Choo Chiang Holdings
Market Leader Set To Benefit From Strong Growth In The Construction Sector
With a dominant position in the distribution of electrical products, Choo Chiang has benefitted from the strong growth in demand for its products, with 2021 EPS growing 190% yoy. We expect Choo Chiang to achieve EPS growth of 13% yoy for 2022, driven by higher sales of its own brand products and tie-ups with contractors for better order visibility. Also, divestment of its existing investment properties could unlock value. We initiate coverage with a BUY and target price of S$0.56, pegged to 12x 2022F mean PE.
• Dominant position in distribution of electrical products with robust earnings growth.

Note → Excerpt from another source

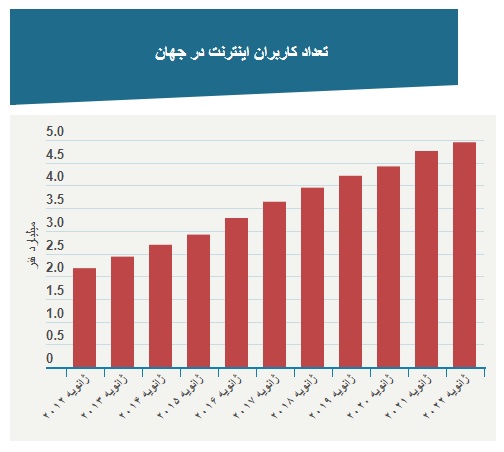 مردم جهان روزانه چند ساعت آنلاین هستند؟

Choo Chiang Holdings (Choo Chiang) has established sturdy relationships with building contractors, renovation contractors and interior designers. Today, it has a 60% market share in Singapore, where it operates 10 retail branches and retails over 30 third-party brands along with its own proprietary brands CCM and CRM. As the construction sector recovers, Choo Chiang is well-positioned to benefit from the increase in sales of electrical products. Total units of Housing and Development Board (HDB) and private resale units sold rose 18% and 82% respectively in 2021, and we expect renovation works to be Choo Chiang’s key growth driver. For 2022, we expect Choo Chiang’s EPS to grow 13% yoy.

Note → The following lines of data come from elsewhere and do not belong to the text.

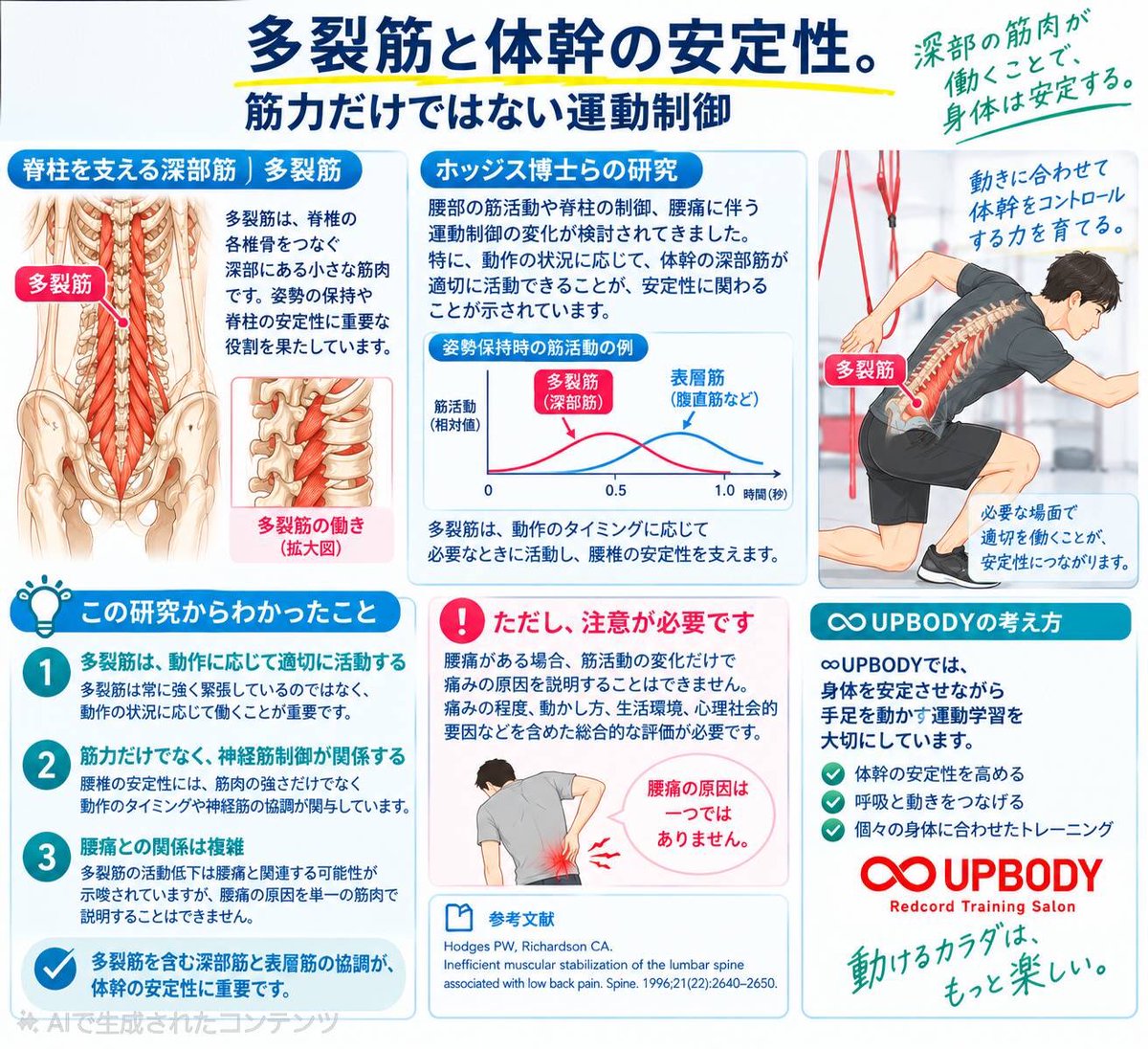 upbodyno1's tweet photo. #UPBODY
#パーソナルトレーニング
#redcord
#kumamoto
#熊本
#レッドコード
#KEIRIN
#競輪
#ガールズケイリン
#インナーマッスル
#横隔膜
#骨盤底筋
#腹横筋
#多裂筋 https://t.co/rr6aAhMYjX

• Divestment of investment properties could unlock deep value. Choo Chiang owns 12 investment properties whose occupancy rates have since fully recovered. Also, recentlyimplemented cooling measures have diverted more liquidity into commercial properties. As of end-21, we estimate the fair value of the properties at S$15m vs their carrying value of around S$13m. Upon divestment of these properties, Choo Chiang could enjoy a capital gain of at least S$2m, representing around 20% of 2022 earnings with net proceeds of S$15m, roughly 20% of its current market cap.
• Initiate coverage with BUY and a target price of S$0.56, pegged to 12x 2022F PE (fiveyear mean PE). We think that Choo Chiang’s current valuation of 8x 2022F PE and 2022 dividend yield of 6.3% are attractive, given the group’s dominant market share, strong EPS growth and huge net cash of around S$22m (around 30% of market cap).
• Delays in construction to fuel short-term demand. HDB resale flats, a main driver of revenue for Choo Chiang, are expected to generate strong demand for Choo Chiang’s electrical products. HDB resale demand is expected to stay elevated, boosted by delays in the construction of new BTO flats. According to the Ministry of National Development, 85% of BTO projects are about 6-9 months behind schedule. Given an average construction cycle of 4-5 years, potential buyers have shifted to resale flats to avoid longer waiting times. This industry shift has driven demand for home renovations and, in turn, for electrical products and accessories. Suppliers like Choo Chiang will benefit.
• Beneficiary of rising number of BTO launches, which will drive longer-term demand for electrical products. The HDB plans to launch up to 23,000 flats per year in 2022-23, a significant increase from the 48,509 flats launched in the last three years (16,170 flats per year). As HDB housing forms a significant part of Choo Chiang’s demand, the increase in BTO supply would help support and boost Choo Chiang’s revenue moving forward.
• Expect gross margin expansion. As Choo Chiang targets to increase the contribution of its proprietary brands’ products, we expect gross margin to expand gradually to 30.0%/30.5%/31.0% for 2022/23/24. Coupled with strong revenue growth of 10%/8%/8%, this gross margin expansion will drive earnings growth of 13.4%/11.7%/11.6% for 2022/23/24 respectively.
• Risks include: a) Potential supply disruption of key electrical products; b) termination of supply agreements by third-party suppliers, and c) slowdown in the construction industry due to more property cooling measures.
• Initiate coverage with BUY and a target price of S$0.56, pegged to 12x 2022F PE, its historical five-year average PE. Our valuation multiple is conservative as it is at a 20% discount compared with peers’ average of 15x 2022F PE. We think that Choo Chiang’s current valuation of 8x 2022F PE and dividend yield of 6.3% are attractive, given its dominant market share position and attractive EPS growth profile of 12% CAGR for 2021-24 and huge net cash of S$22m (around 30% of market cap). Compared with its peers, Choo Chiang offers higher growth, ROE and dividend yield.
SHARE PRICE CATALYST
• Better-than-expected property demand, share buybacks, earnings accretive M&As.
BUY by UOB Kay Hian Research. Share price closed at $0.37.